Assignment:
Let your answer be the line containing "this 768×510 image." and every line below it to the end of the records, copied exactly.

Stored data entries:
[Start of section]

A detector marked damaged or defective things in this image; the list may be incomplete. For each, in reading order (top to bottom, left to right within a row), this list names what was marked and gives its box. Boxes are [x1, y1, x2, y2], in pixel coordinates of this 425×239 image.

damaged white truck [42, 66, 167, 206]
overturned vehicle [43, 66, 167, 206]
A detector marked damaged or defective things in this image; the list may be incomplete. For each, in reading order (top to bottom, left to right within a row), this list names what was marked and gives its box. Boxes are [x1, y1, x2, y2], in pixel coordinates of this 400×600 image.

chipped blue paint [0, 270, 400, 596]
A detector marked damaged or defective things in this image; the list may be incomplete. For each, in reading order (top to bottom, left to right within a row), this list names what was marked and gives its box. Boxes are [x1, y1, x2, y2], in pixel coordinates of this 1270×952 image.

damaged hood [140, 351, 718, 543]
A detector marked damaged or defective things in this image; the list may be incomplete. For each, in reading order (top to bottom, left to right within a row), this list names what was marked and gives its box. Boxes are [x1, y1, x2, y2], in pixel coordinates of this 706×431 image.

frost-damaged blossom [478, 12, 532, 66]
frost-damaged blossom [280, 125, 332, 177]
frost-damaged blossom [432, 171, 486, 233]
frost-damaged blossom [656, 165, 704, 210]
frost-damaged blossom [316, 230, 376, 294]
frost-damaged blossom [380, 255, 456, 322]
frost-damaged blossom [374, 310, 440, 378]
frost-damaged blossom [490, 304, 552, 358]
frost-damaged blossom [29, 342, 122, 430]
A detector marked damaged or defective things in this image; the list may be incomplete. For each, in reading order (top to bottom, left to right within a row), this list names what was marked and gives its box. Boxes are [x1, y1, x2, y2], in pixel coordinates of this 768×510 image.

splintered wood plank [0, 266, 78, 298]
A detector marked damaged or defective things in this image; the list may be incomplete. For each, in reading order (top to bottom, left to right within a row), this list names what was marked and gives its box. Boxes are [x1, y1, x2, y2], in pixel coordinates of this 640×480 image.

[End of section]

Answer to the exercise:
A detector marked damaged or defective things in this image; the list may be incomplete. For each, in reading order (top to bottom, left to right within a row), this list names what was marked and gives its box. Boxes are [x1, y1, x2, y2], in pixel coordinates of this 768×510 image.

splintered wood plank [0, 266, 78, 298]
A detector marked damaged or defective things in this image; the list may be incomplete. For each, in reading order (top to bottom, left to right within a row), this list names what was marked and gives its box. Boxes are [x1, y1, x2, y2], in pixel coordinates of this 640×480 image.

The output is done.